From the top down, the government did an excellent job being proactive about Hurricane Sandy. During a critical campaign week before the election, President Obama canceled campaign visits across the country to do his job as the leader of our country. The President’s commitment to providing disaster relief was intense – he stated that “We are not going to tolerate red tape, we are not going to tolerate bureaucracy, and I’ve instituted a 15-minute rule, essentially, on my team. You return everybody’s phone calls in 15 minutes, whether it’s the mayor’s, the governor’s, or county officials. If they need something, we figure out a way to say yes.” Implementing the 15-minute rule was critical to clearly get things done and solve real problems fast. This approach enabled the White House to share vital information and delegate strategic action plans to the lower levels of government. Rapid response is crucial in a disaster; the people in charge need to continuously know about changes to the plan, status reports, and what is happening on the ground. In addition to communicating effectively among themselves, these multiple government organizations did a great job of quickly and clearly communicating with the public.
Days and even weeks before the storm started its destruction of the Northeast, the government was sending warnings through traditional communication channels, such as televised press conferences, as well as more interactive channels like social media. The most predominant communication channel used was news television broadcasts, but according to the New York Times, social media channels such as Twitter recorded over 20 million tweets about Hurricane Sandy between Saturday and Thursday of last week. The public was clearly involved in information sharing about Hurricane Sandy; this provided guidance, comfort and reassurance.

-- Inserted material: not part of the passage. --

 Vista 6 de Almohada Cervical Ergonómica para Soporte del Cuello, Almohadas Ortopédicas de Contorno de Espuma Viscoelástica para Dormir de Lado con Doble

As government public affairs organizers, we must be proactive, flexible and connected to ensure we are reaching all of our different citizen groups with timely, accurate information and guidance, through the communication channels they use and trust. Various government officials like Mayors Bloomberg and O’Malley did just that, using several Twitter accounts to get information to the public. They were focused, and provided an excellent example of strategic crisis communications done right: leveraging communications effectively to educate the public, disseminate critical information in a rapid, reliable and easily understood format that their audience could embrace, calming fears and dispelling rumors.
If these past few weeks have inspired your organization to dust off your strategic crisis communications plan and see where it needs updating, now’s a great time to review your plan to ensure you’re building in the use of interactive communication with new social media tools as well as traditional communication channels to ensure the public has timely, accurate and clearly understood information and guidance. For more information on how Advice Unlimited can help you create and implement a successful disaster communication plan, or provide support for other public outreach and communication initiatives, please contact me at 301-924-0330 or firstname.lastname@example.org.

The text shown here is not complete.